- _EXERCISE INSTRUCTIONS_: Extract each line from the entries below that has the string "Cataract" in it.

- _DATASET ENTRIES_:
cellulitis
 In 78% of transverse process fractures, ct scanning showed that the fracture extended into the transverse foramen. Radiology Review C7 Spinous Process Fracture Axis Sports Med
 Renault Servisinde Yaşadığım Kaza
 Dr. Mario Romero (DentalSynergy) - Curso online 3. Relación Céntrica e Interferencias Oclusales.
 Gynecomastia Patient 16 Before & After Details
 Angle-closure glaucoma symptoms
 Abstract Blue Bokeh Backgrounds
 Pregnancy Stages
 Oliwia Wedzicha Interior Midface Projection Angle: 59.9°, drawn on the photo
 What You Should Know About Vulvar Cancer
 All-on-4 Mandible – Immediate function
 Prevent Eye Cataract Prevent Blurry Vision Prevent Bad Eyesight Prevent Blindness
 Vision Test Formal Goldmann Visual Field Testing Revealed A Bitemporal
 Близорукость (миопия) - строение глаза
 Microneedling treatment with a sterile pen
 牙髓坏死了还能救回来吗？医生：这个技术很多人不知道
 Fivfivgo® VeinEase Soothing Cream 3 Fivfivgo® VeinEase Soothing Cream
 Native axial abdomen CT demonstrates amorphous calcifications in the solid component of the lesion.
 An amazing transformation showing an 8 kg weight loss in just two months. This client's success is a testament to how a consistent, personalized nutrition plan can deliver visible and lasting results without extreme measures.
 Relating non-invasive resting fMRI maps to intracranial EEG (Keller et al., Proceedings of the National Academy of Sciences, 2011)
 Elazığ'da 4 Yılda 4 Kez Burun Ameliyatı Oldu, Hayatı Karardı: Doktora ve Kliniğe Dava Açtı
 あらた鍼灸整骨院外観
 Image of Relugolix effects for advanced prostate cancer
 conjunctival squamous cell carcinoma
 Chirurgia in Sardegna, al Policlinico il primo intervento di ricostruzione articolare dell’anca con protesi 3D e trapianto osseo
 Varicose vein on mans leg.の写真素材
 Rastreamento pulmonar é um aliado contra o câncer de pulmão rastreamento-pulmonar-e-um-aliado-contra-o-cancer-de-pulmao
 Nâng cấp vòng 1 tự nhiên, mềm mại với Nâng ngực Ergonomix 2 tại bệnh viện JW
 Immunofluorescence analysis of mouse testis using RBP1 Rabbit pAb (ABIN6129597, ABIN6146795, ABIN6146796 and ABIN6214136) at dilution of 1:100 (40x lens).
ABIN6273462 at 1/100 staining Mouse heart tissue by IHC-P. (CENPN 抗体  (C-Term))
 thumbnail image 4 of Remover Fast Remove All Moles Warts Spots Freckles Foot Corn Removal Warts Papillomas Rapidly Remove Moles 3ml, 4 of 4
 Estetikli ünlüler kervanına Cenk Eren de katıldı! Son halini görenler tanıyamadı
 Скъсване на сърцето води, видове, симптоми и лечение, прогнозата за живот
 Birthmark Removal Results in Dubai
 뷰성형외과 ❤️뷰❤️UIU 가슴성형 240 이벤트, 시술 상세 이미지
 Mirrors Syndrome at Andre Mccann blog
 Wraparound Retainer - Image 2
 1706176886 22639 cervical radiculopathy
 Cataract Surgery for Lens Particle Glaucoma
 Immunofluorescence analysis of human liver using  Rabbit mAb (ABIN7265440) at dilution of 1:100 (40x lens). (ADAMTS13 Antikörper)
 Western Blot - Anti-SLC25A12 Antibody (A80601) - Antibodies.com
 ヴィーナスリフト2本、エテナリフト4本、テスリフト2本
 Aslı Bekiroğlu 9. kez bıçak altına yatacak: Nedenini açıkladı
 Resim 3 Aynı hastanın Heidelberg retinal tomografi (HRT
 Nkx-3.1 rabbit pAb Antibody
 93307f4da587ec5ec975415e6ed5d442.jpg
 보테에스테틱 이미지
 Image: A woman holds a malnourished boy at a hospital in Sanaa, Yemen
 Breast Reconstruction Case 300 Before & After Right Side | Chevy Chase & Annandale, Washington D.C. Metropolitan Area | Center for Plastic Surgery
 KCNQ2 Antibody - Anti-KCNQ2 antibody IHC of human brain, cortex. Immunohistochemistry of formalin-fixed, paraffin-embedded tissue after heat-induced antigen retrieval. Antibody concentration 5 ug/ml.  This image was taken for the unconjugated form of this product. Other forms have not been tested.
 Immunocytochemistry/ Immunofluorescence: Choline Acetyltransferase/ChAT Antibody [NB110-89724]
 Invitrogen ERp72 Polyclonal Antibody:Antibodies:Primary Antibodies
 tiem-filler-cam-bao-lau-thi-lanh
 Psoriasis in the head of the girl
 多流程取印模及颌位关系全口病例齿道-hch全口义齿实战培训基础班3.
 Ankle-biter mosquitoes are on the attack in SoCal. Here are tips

- _TASK RESULT_:
 Prevent Eye Cataract Prevent Blurry Vision Prevent Bad Eyesight Prevent Blindness
 Cataract Surgery for Lens Particle Glaucoma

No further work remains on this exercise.